De gestadige erosie van de grond ging door in onze richting.

We trokken ons terug op een punt dichter bij het midden. 'En heb jij het beest gestuurd dat haar heeft gedood?' Hij schudde heftig het hoofd.

'Nee. Ik wist dat ze ging sterven, want hij had me verteld dat dat je naar me toe zou brengen. Hij heeft me ook verteld dat het een beest uit Netzach zou zijn dat haar zou doden - maar ik heb het nooit gezien en ik heb niets met de oproep te maken.'

'En waarom wou hij dat je mij ontmoette, en dat ik hier gebracht werd?' Hij lachte spontaan.

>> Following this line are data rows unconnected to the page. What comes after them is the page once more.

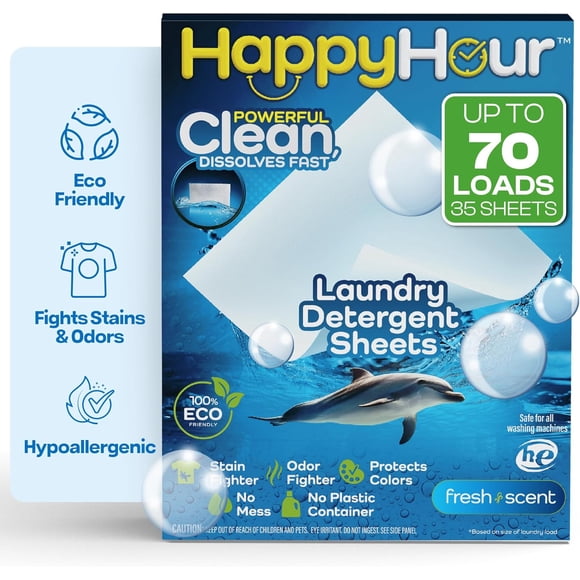 HAPPY HOUR Laundry Detergent Sheets Value Pack with up to 70 Loads, Non Toxic Laundry Sheets Detergent Soap for Sensitive Skin, Recyclable Eco Friendly, Perfect for Travel - Fresh Scent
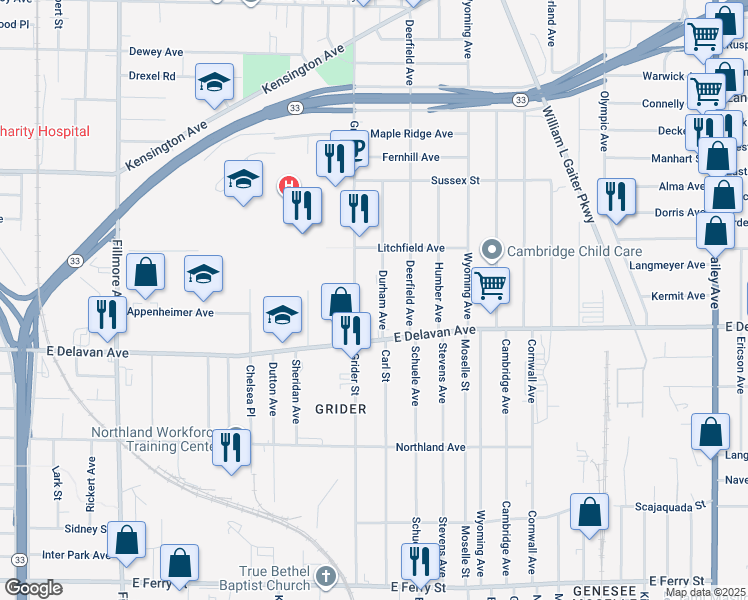 map of restaurants, bars, coffee shops, grocery stores, and more near 61 Durham Avenue in Buffalo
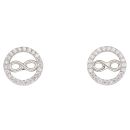 Silver Cubic Zirconia Infinity Circle Stud Earring by Icesia
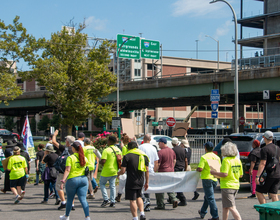 Demonstrators march for local hiring, environmental justice in I-81 project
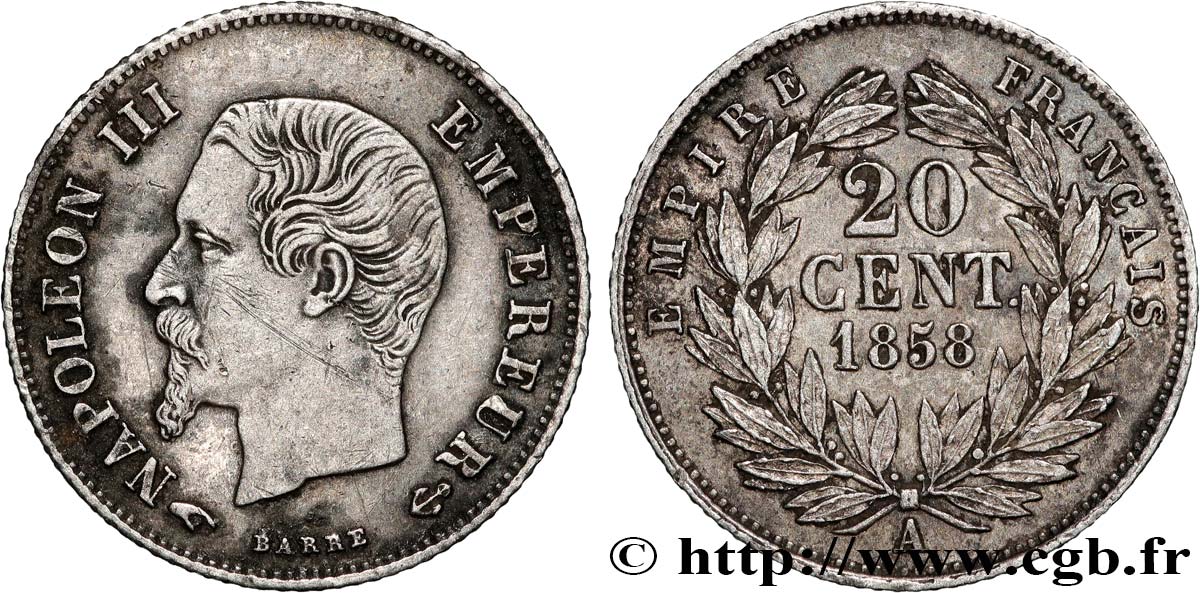 20 centimes Napoléon III, tête nue, Grands Différents 1858 Paris F.148/11 XF 
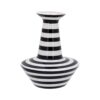 VASO LISTRADO PRETO E BRANCO CERAMICA 20x16x16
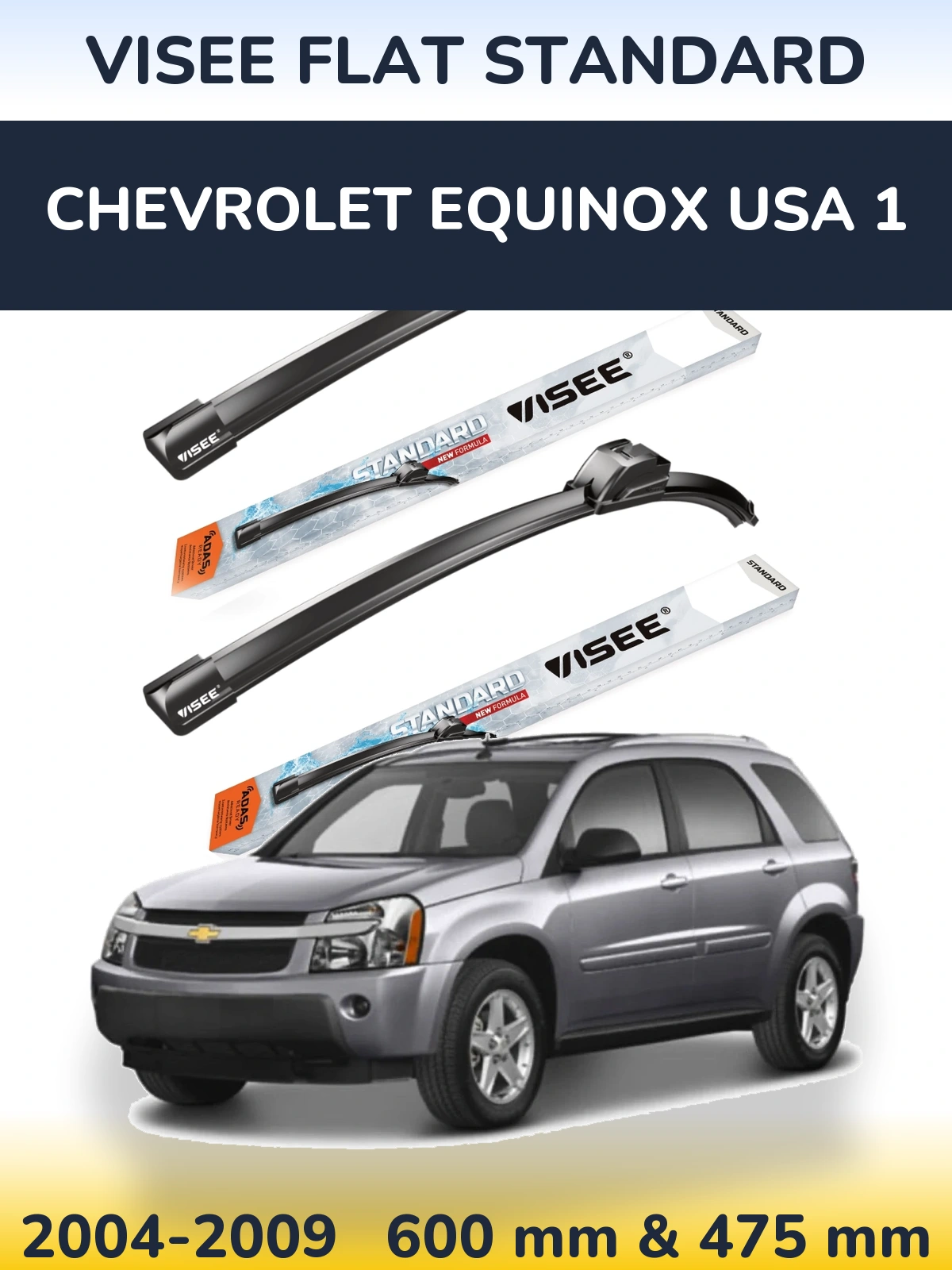 Front wiper blade set VISEE FLAT STANDARD 600 & 475 mm for Chevrolet Equinox USA 1 2004-2009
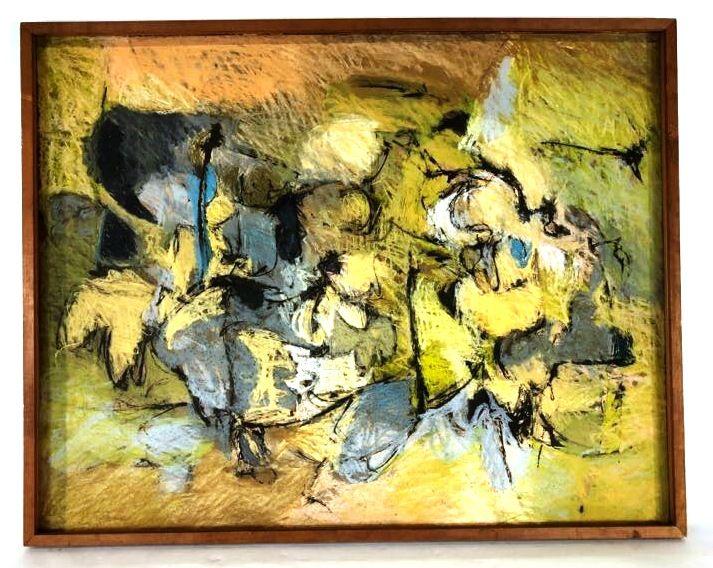 Harry Nadler, Framed Chalk on Board, Signed 1959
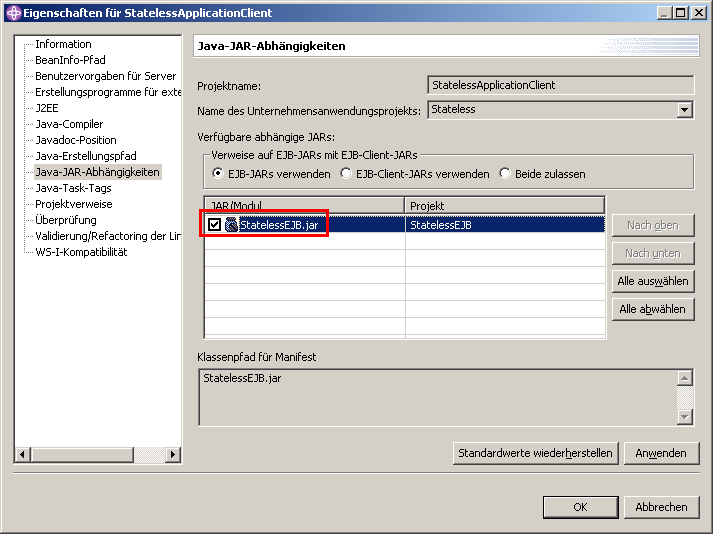 Application Client, Schritt 4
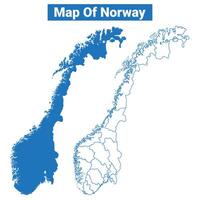 Norway simple flat map outline style illustration set vector
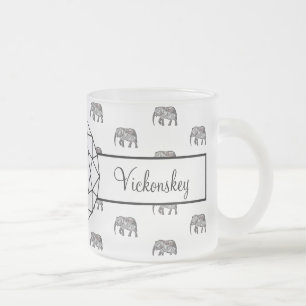 Tasse Givré Monogramme géométrique éléphant noir et blanc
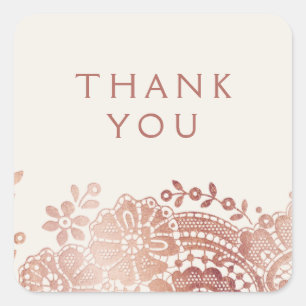 Faux rose gold elegant vintage lace wedding favour square sticker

'Waarom?' herhaalde hij. 'Om je te doden natuurlijk. Hij zei dat wanneer ik je hier kon offeren ik al je macht kon verwerven. Hij zei dat jij Merlijn bent, zoon van Hel en Chaos en dat ik de grootste magiër van allen zou worden wanneer ik je hier kon doden.'

Onze wereld had nu een doorsnee van hoogstens honderd meter en de snelheid waarmee ze kleiner werd nam toe. 'Was dat zo?' vroeg hij. 'Zou ik dat zijn geworden wanneer het me was gelukt?'

'Macht is als geld,' zei ik. 'Je kunt het gewoonlijk krijgen wanneer je competent bent en dat is het enige dat je in het leven nodig hebt. Maar zou je het daardoor hebben verworven? Ik geloof het niet.'

'Ik heb het over de betekenis van het leven. Dat weet je.' Ik schudde het hoofd.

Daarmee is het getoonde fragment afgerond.